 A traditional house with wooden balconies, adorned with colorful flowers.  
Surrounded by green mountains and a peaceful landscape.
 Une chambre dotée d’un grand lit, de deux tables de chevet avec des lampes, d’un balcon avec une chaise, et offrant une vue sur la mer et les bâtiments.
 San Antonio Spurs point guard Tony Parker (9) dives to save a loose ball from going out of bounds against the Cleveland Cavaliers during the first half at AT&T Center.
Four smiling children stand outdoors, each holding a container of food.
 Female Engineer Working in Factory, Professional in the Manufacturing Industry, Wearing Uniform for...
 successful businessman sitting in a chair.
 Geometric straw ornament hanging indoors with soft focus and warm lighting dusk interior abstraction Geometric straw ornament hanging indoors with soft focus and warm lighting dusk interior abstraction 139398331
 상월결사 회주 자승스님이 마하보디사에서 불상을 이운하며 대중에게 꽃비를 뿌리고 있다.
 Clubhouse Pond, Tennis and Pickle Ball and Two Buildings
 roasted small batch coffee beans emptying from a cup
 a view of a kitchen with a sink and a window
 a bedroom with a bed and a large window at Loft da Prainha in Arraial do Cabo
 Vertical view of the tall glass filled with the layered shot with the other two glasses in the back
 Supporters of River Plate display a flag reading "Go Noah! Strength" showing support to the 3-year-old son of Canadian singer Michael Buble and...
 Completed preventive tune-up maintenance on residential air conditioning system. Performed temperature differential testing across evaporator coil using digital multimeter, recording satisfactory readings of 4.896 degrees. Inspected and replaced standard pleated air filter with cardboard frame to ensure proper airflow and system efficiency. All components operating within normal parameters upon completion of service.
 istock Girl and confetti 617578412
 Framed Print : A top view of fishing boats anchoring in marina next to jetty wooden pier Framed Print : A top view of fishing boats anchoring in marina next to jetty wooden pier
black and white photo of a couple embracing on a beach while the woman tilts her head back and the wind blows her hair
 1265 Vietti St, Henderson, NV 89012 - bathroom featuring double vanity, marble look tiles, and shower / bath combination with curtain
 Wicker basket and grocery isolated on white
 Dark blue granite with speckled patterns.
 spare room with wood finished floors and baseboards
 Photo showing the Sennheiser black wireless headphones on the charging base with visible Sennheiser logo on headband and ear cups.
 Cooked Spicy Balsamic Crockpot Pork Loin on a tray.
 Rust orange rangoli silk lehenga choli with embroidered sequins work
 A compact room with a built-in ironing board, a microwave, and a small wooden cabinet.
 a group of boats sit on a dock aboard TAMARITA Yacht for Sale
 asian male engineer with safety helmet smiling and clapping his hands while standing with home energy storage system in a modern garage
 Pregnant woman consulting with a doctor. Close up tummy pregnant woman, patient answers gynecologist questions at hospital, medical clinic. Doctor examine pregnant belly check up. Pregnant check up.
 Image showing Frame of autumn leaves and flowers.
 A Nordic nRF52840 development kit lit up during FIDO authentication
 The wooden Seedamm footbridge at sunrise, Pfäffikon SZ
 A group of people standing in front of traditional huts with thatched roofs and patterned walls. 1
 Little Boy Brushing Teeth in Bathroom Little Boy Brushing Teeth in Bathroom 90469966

******

Work to complete
Word for word, restate the lines of the listing above starting at the line with "a view of a kitchen with a sink and a window" and ending at the line with "Supporters of River", and nothing outside them.

Reply to the task
 a view of a kitchen with a sink and a window
 a bedroom with a bed and a large window at Loft da Prainha in Arraial do Cabo
 Vertical view of the tall glass filled with the layered shot with the other two glasses in the back
 Supporters of River Plate display a flag reading "Go Noah! Strength" showing support to the 3-year-old son of Canadian singer Michael Buble and...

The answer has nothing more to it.